In addition to the shelved plans, Kore hired Jay Bellows as CEO to take the company in a new direction with Gorrill stepping down.
“This decision was not made lightly, but I’m confident it is the right time for the company to embrace its next chapter,” Gorrill said in a LinkedIn post.
Plans for the Koreplex campus unanimously received support from the Buckeye Valley Chamber of Commerce last year, and it was supposed to be the centerpiece of Kore’s growth strategy moving forward.
However, after years of hype and construction delays, the site was quietly listed for sale in mid-January, real estate trade journal Azbex first reported. The city’s chamber of commerce did not immediately respond to a request for comment.
Plans for Koreplex date back to May 2021, when Kore was weighing where it would locate the facility. The company eventually chose Buckeye. But over the years blueprints expanded, costs grew and dates kept getting pushed back.
Questions remain about what exactly happened, however, the Arizona Republic reported that Kore never received taxpayer money for the project. In the summer of 2023, Kore received a conditional commitment for an $850 million loan from the U.S. Department of Energy. But the funds never reportedly materialized, and little to no movement was made on the Koreplex facility.

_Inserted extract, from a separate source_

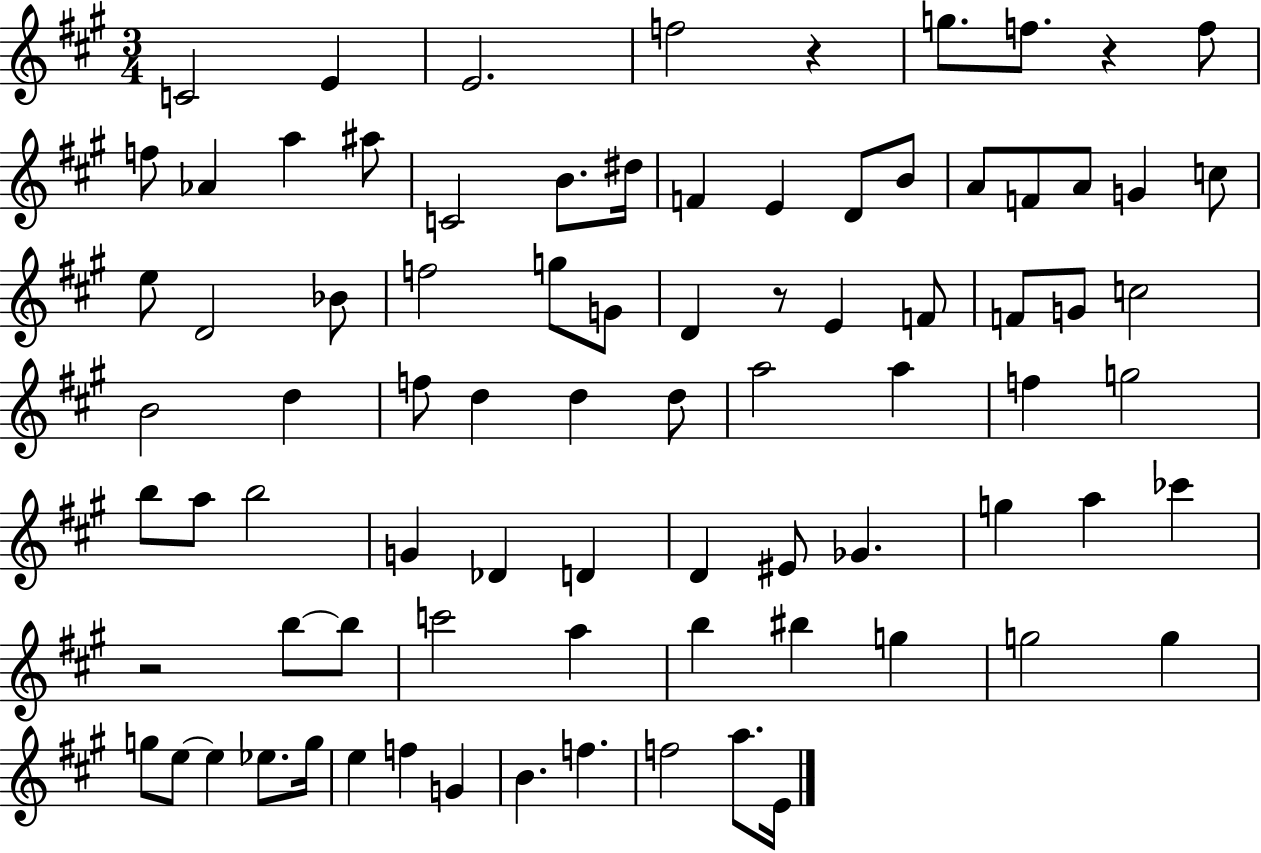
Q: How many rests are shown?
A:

Around the same time the site was listed for sale, general contractor Yates Construction filed a lien against the Koreplex property for nearly $10.4 million to secure payment of debt or services rendered.
The plant would have added to the manufacturing boom happening in and around Phoenix. Federal funding from the 2022 CHIPS and Science Act has spurred the construction and development of high-tech manufacturing facilities focused on renewable energy, microchips and more. The Phoenix metro area saw 14 major project announcements between 2020 and 2023.